DIGBY, N.S. – With the mesmerizing pounding of drums, brilliant messages and several vibrant outfits, the southwest region kicked off the 2018 African Heritage Month on Jan. 25 in Digby.
The event, held at the town of Digby’s Heritage Center, was jointly hosted by Mayor Ben Cleveland, the Digby Education Committee and the Black Educators’ Association, and featured a wide range of guest speakers from across the region and the province.
Brenda Francis, regional vice-chair of the southwest Black Educators Association, organized the annual event, offering the opportunity to celebrate the significant contributions African Nova Scotians have made to the province.
This year’s African Heritage Month’s theme is “educate, unite and celebrate community.”
“Nova Scotia has more than 50 historic African communities dating back more than 400 years,” Francis said. “So we’re not newcomers here, we are founding fathers and mothers of this province and nation and for this reason we must educate, unite and celebrate African Heritage Month.”
Minister of the Public Service Commission and African Nova Scotian Affairs Tony Ince was on hand to bring greetings from the province and referenced this year’s theme.
“I think the theme reminds us our communities are richer and stronger thanks to the ingenuity, hard work and leadership of African Nova Scotians,” Ince said.
Another speaker was Dwayne Provo, a regional education officer who works with the Department of Education and Early Childhood Development through the provincial education office for African Nova Scotia Learners.
“I was thinking of the elders today, and I want to thank you for laying the path and for me, growing up in Nova Scotia as an African Nova Scotian, things aren’t always easy, but because each generation we have before us, they make it a little bit easier for each one, and I have a lot of people to thank for my journey,” he said.
Provo also presented Francis with a cheque for the Digby Education Committee to provide additional math support for African Nova Scotian learners at Digby Elementary School.
“African Heritage Month is a reflective time, but it’s also time to look forward to see what we can do to make the future a little bit better,” he said.
Paul Ash was introduced as the first African Nova Scotian to become a superintendent with the Tri-County Regional School Board.
“Thank you for creating the space on this board to have the first African Nova Scotian – not only is it the work of our elders, it’s the work of a lot of people in this community who have made that happen,” Ash said. “This would not have happened if people did not stand and demand change.”
He spoke of the board’s strong support for African students.
“We recognize there is much more work to do and we’re looking forward to working with you, the African community, and the community at large to ensure that all of our students are developed to their full potential for as long as we’re able to do so,” he said.
Reverend Michael Alden Fells, a board member with the Tri-County board, was also asked to speak, and took the opportunity to address the province’s recent decision to dissolve all seven school boards.
“I exhort us to be on the right side of history, the Tri-County board has been on the right side of history with having the first African Nova Scotian as superintendent,” Fells said.

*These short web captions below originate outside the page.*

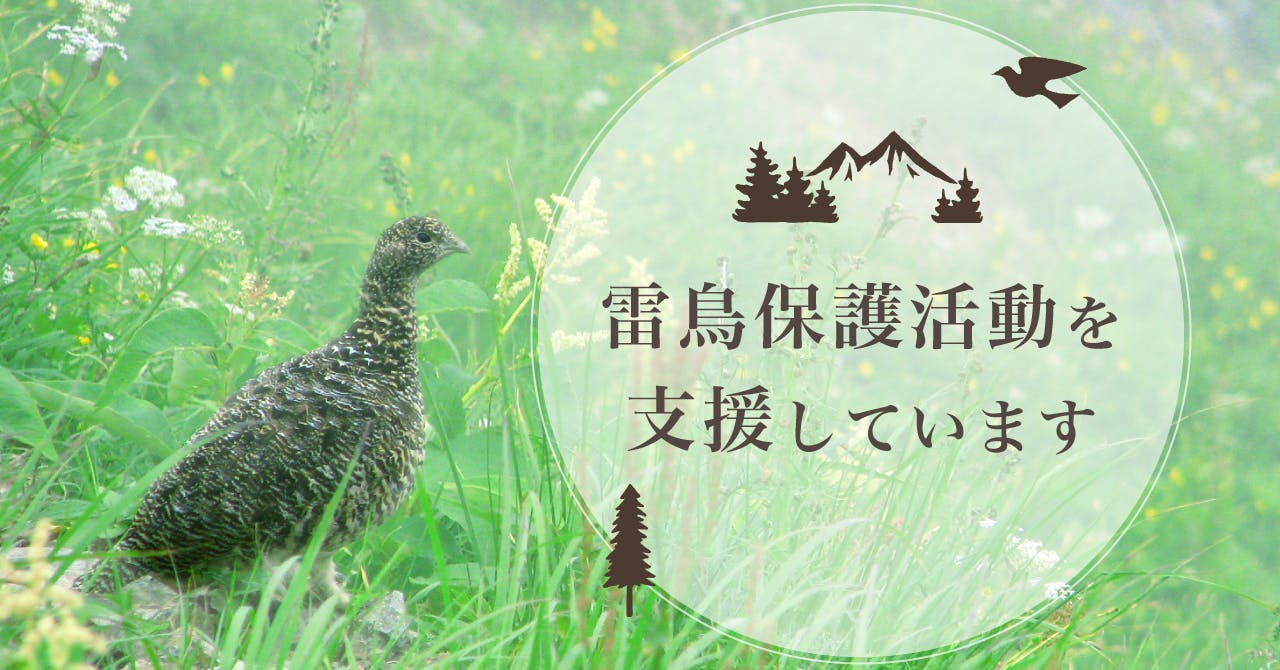 みんなで雷鳥保護を支援しよう 雷鳥とアウトドアユーザーのかけ橋になりたい Campfire キャンプファイヤー みんなで雷鳥保護を支援しよう 雷鳥とアウトドアユーザーのかけ橋になりたい Campfire キャンプファイヤー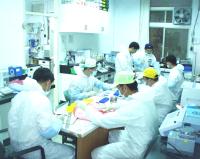 國防大學醫學院調查小組昨日抵馬進行鼠類傳染病疫情調查,將捕獲老鼠抽血進行檢驗。(圖/文:曹重偉)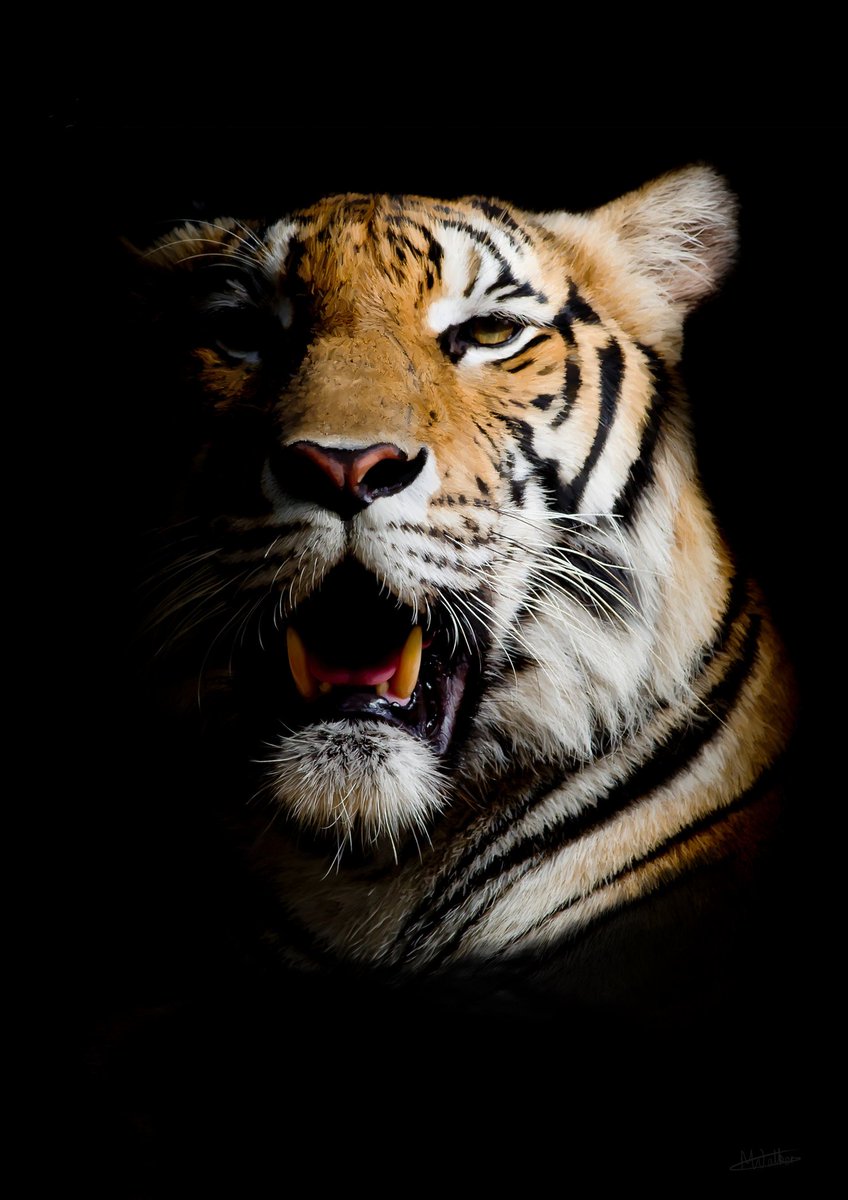 A new digital painting completed - this magnificent tiger. It has been added to the BIG CATS listing on Etsy; that's two high-res digital paintings (download only) for £1.80.

etsy.com/uk/listing/146…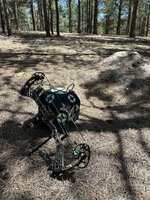 IMG_6204.jpeg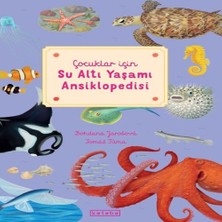 K-yonlineticaret Çuklar Için Su Altı Yaşamı Ansiklopedisi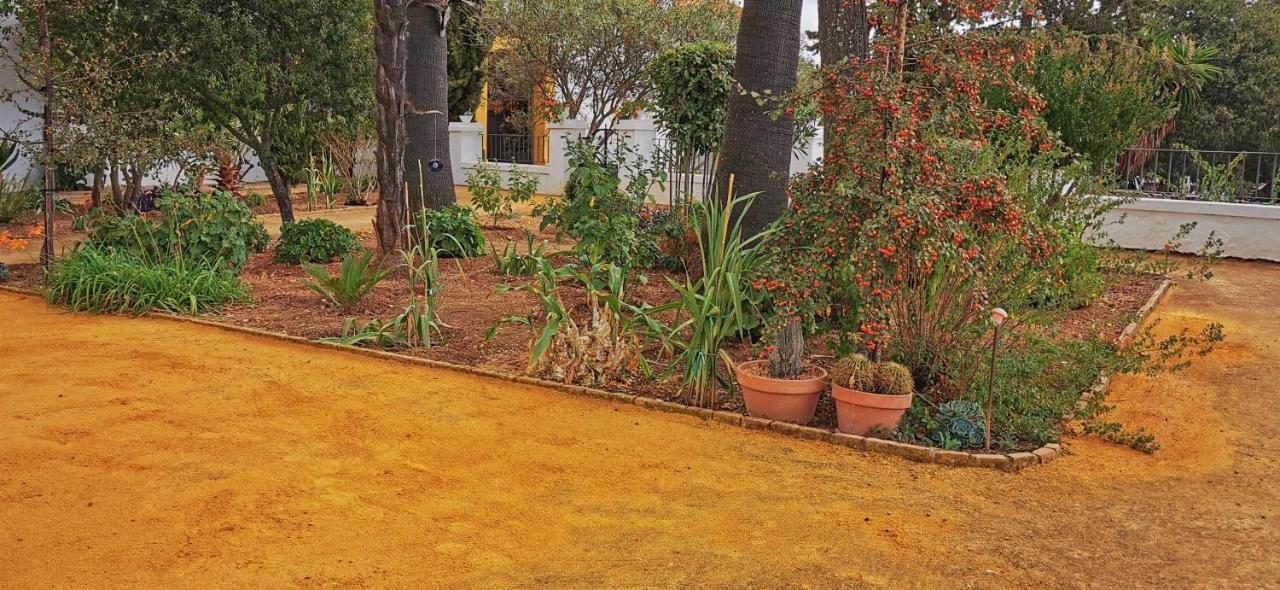 La Fuensanta Villa Hornachuelos Ngoại thất bức ảnh
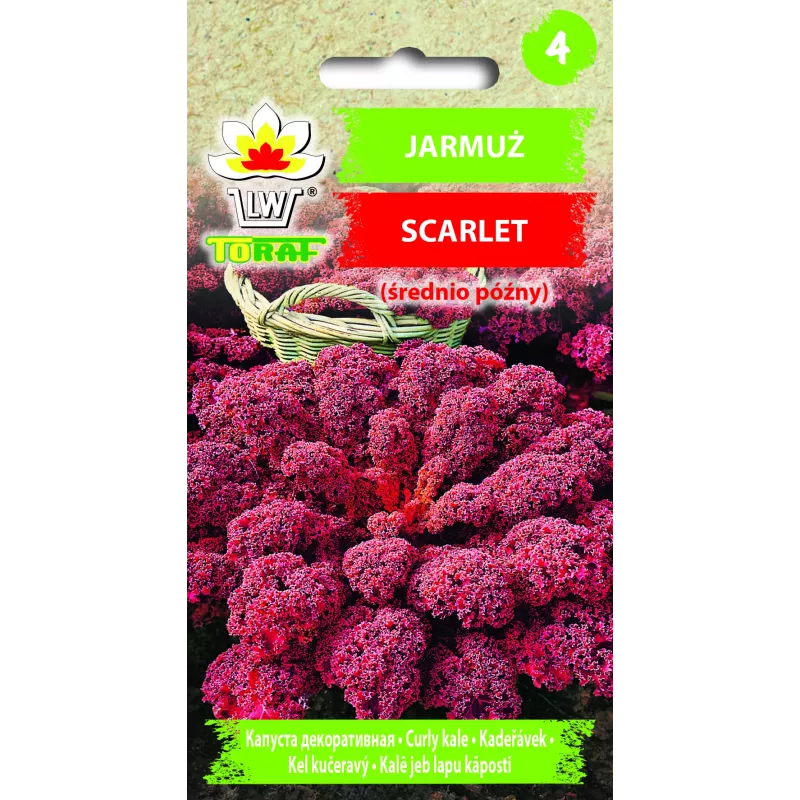 Scarlet Toraf Kale Seeds, 1g Pack
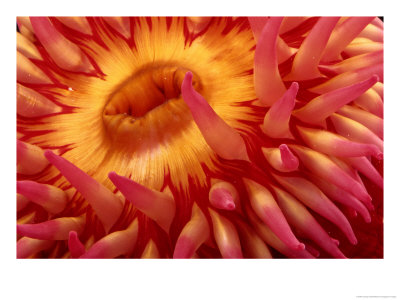 Close-Up View Of A Sea Anemone by George Grall Pricing Limited Edition Print image
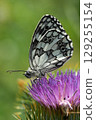Closeup on a bright fresh marbled white butterfly, Melanargia galathea on a pink thistle flower with closed wings 129255154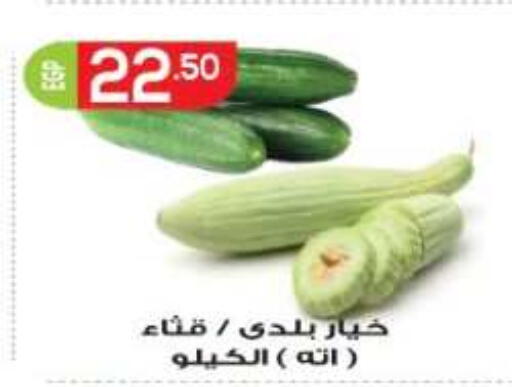 available at أولاد المحاوى in Egypt - القاهرة
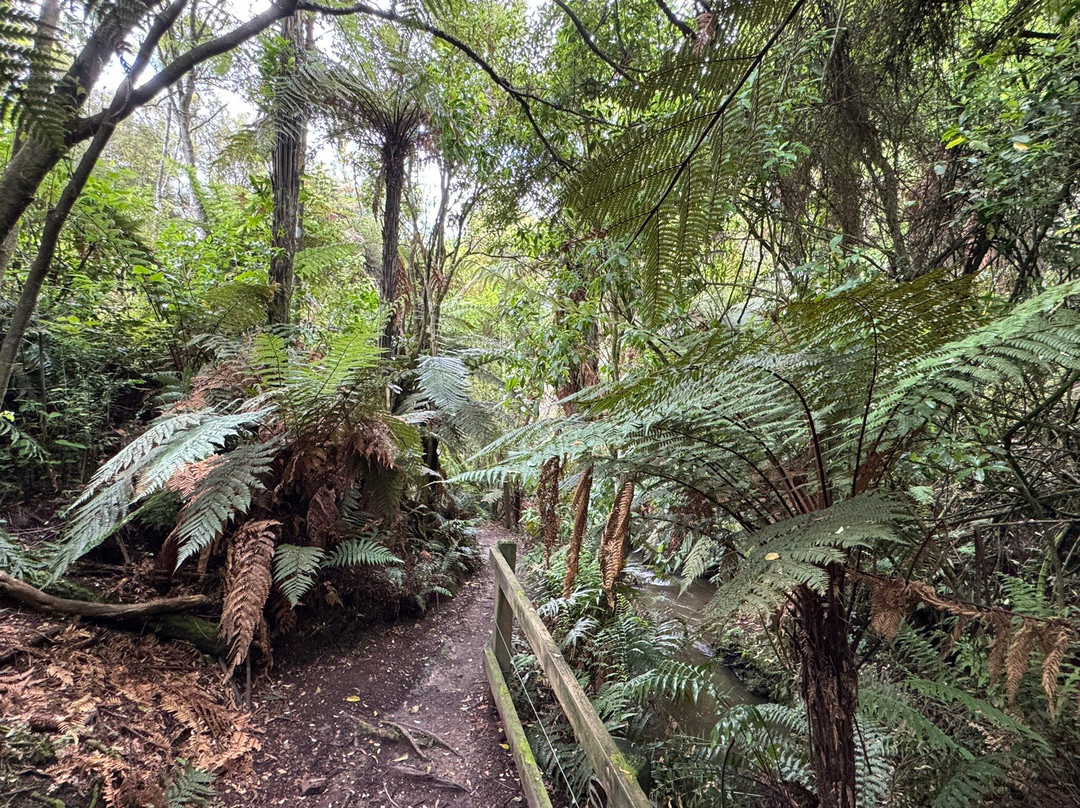 怀拉基天然温泉谷-陶波必去景点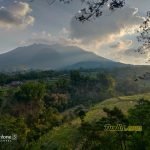 Hasil Foto Kamera Asus Zenfone 5 ZE620KL Siang Hari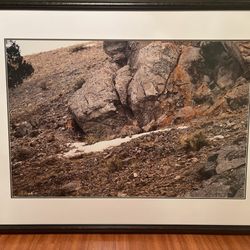 Mountain Lion Thomas Mengelsen Prints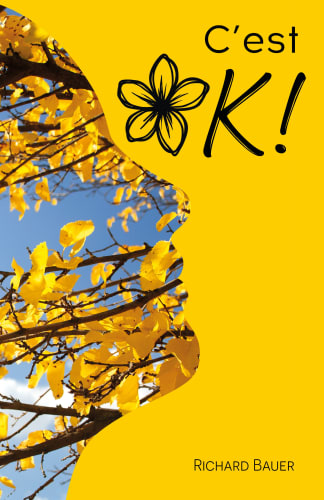 C’est OK ! cover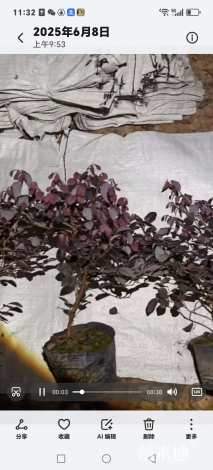 草卷状百慕大草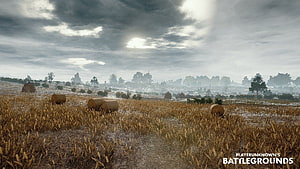 PlayerUnknown's Battlegrounds Misty Wheat Field with Hay Bales and Overcast Sky HD wallpaper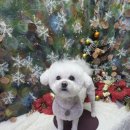 슈가독살롱 이미지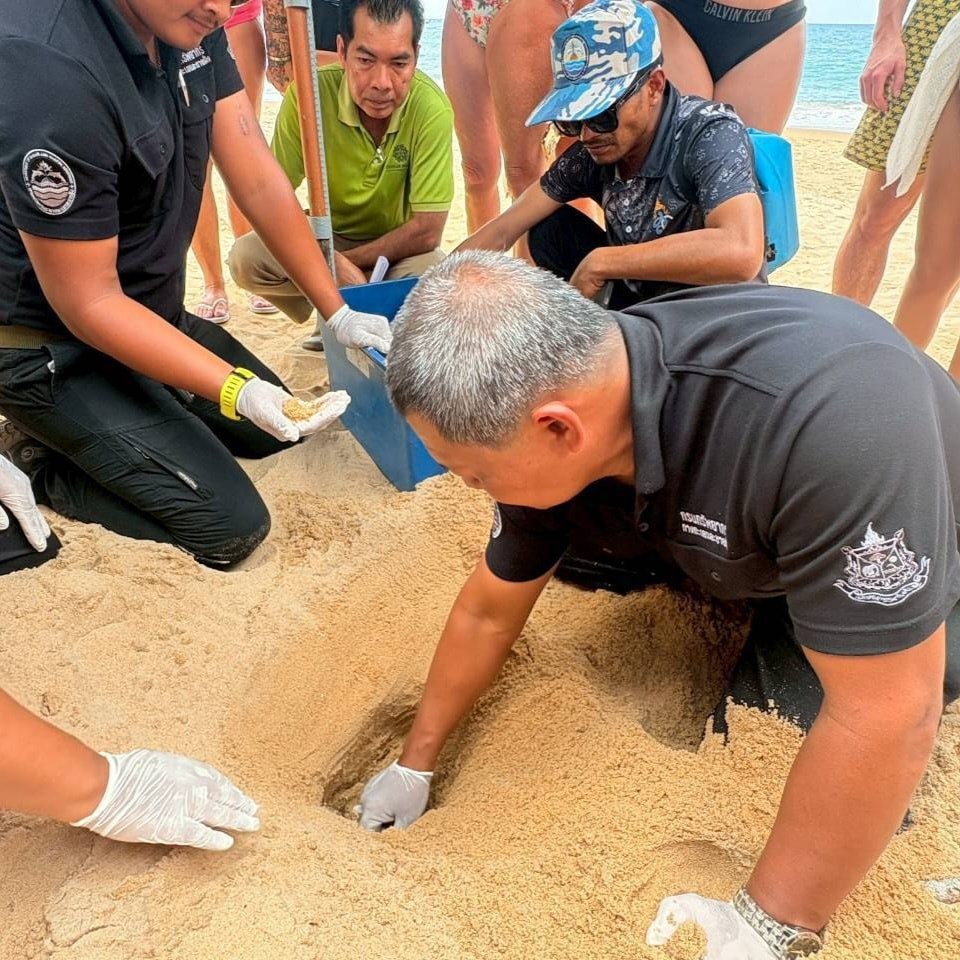 Кладка яиц морской черепахи в Кхао-Лаке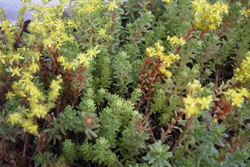 �Z�_���ސA�� �^�C�g�S��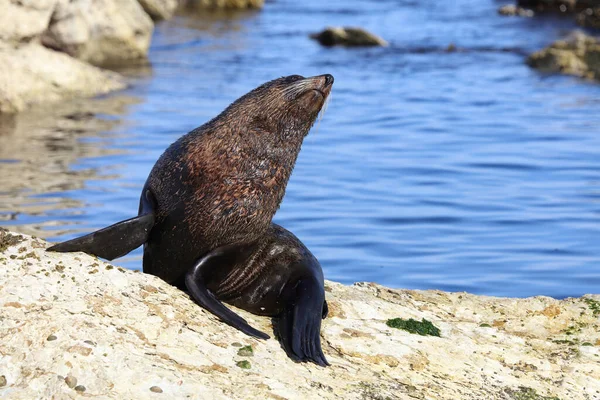 Neuseelaendischer Seebaer Pieczęć Futra Nowozelandzkiego Arctocephalus Forsteri — Zdjęcie stockowe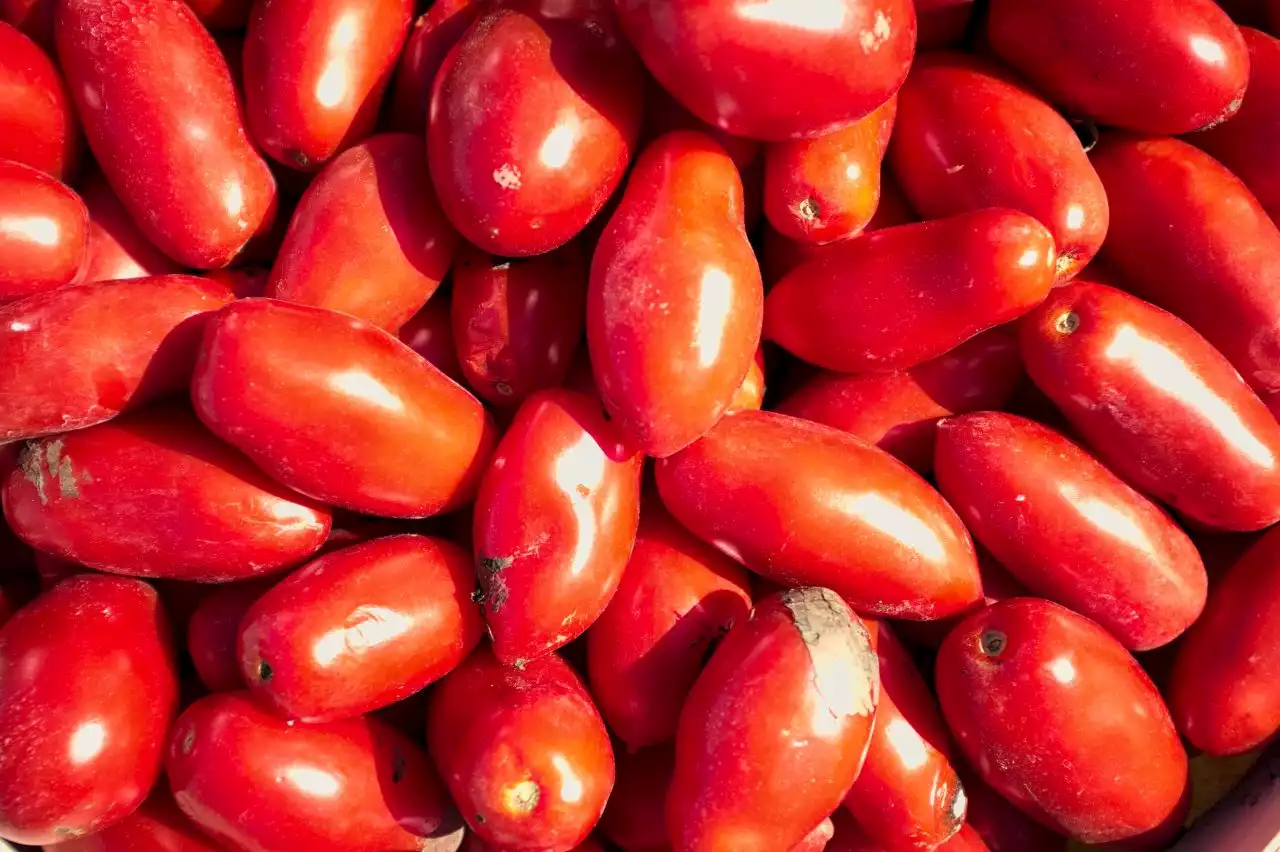 A mano | 3600 secondi per 100 chili di pomodori - Linkiesta.it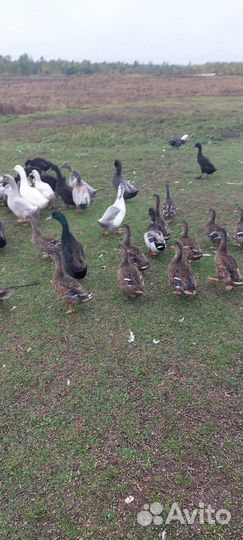 Утки дикие для охоты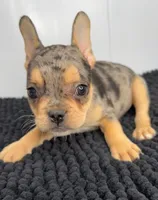 SALE! Nani, a female French Bulldog for sale in Orange City, IA – 5 of 5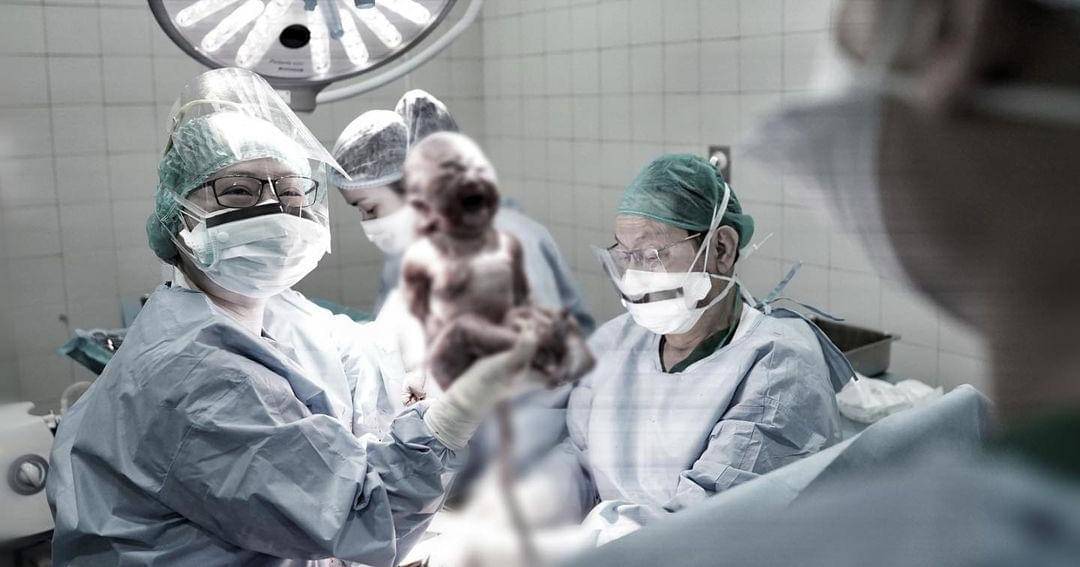 Instagram.com/greyspolii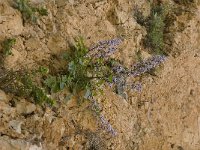 Petromarula pinnata 3, Saxifraga-Willem van Kruijsbergen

He went on to say that people gathered and worked hard to make sure the black voice was heard in education and he could still hear his mother’s voice who had told him years ago she thought it would never happen.
“She said, ‘I don’t know if we’ll ever sit at that table, but you know young Alden, when we do get a seat they’ll get rid of the table,’” Fells said. “I want you to think on that. They’ll get rid of the table.
“So I need say to the honourable MLAs who are here, please speak to the honourable minister Zach Churchill… please tell him to fix the table, but not to remove the table because Black people haven’t been at the table long enough.”
Francis later spoke again on behalf of the BEA and her words resonated with all.
“African Heritage Month showcases our contributions as founding members of Canada,” she said. “We must share our stories and attempt to educate others and thus in the course of educating, embrace our own culture of greatness and beauty and brilliance.”
ANOTHER AFRICIAN HERITAGE EVENT COMING UP: Municipal Proclamation Launch for African Heritage Month in Birchtown
The public is invited to attend the Municipal Proclamation Launch for African Heritage Month 2018 in Birchtown on Friday, Feb. 2.
The event will take place at the Black Loyalist Heritage Centre, which is located at 119 Old Birchtown Road. The event will run from 10 a.m. to noon, with refreshments to follow.
The invitation to attend this event is being extended by the Black Loyalist Heritage Society, the Town of Shelburne, the Municipality of Shelburne, the Municipality of Barrington and African Nova Scotian Affairs.
This year’s theme for African Heritage Month is Educate, Unite, Celebrate Community.